> Provided material:
===
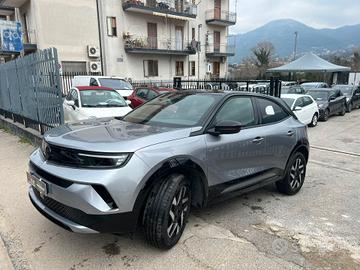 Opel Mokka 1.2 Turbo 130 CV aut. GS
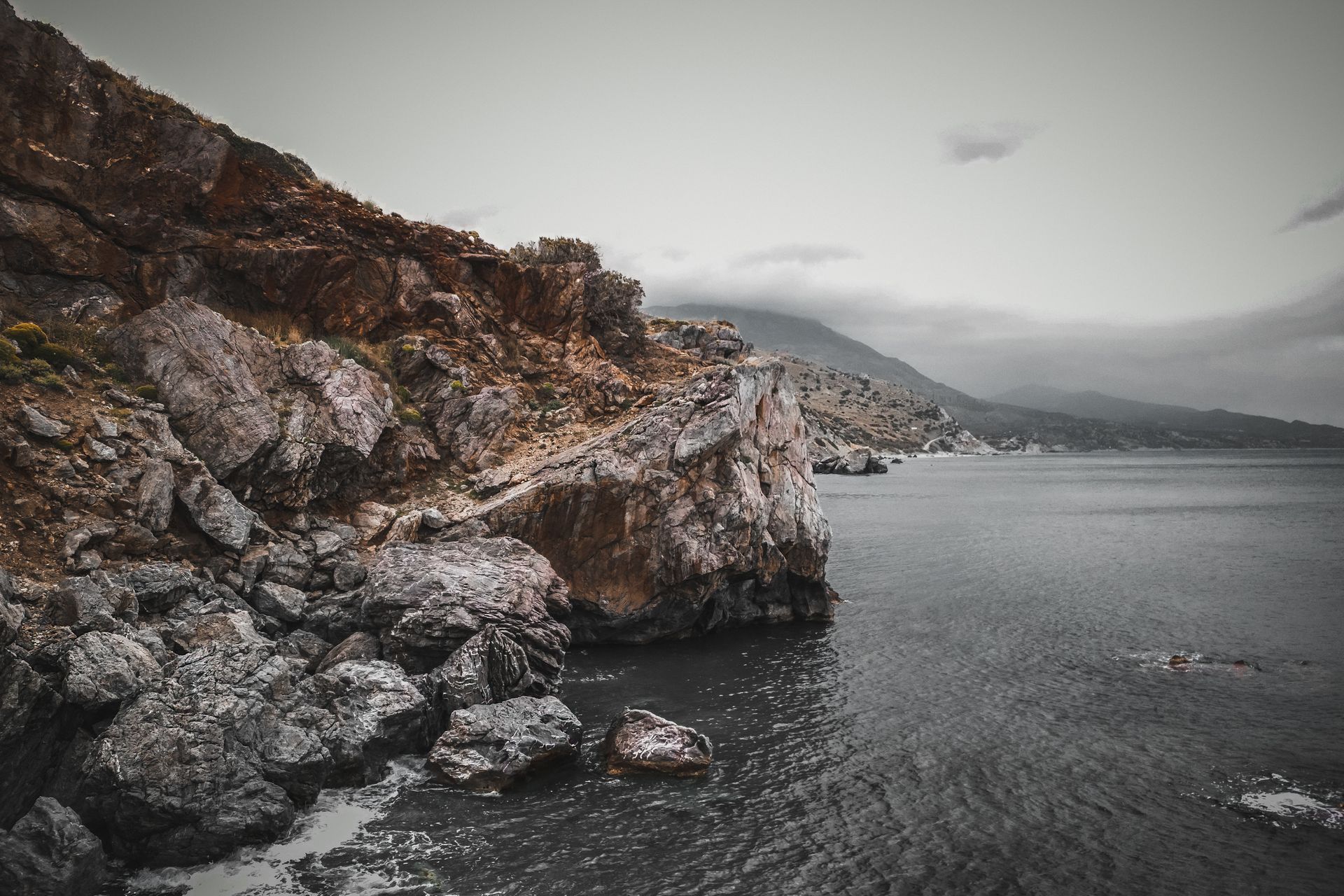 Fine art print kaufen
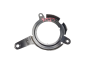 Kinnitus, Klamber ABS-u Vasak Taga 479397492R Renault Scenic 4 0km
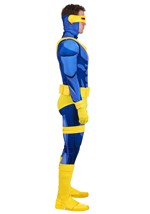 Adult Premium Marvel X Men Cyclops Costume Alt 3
===
> Task requirements: From the line with "Kinnitus, Klamber ABS-u" to the last line above, restate each line word for word, but skip the pictures.

> Task answer:
 Kinnitus, Klamber ABS-u Vasak Taga 479397492R Renault Scenic 4 0km
 Adult Premium Marvel X Men Cyclops Costume Alt 3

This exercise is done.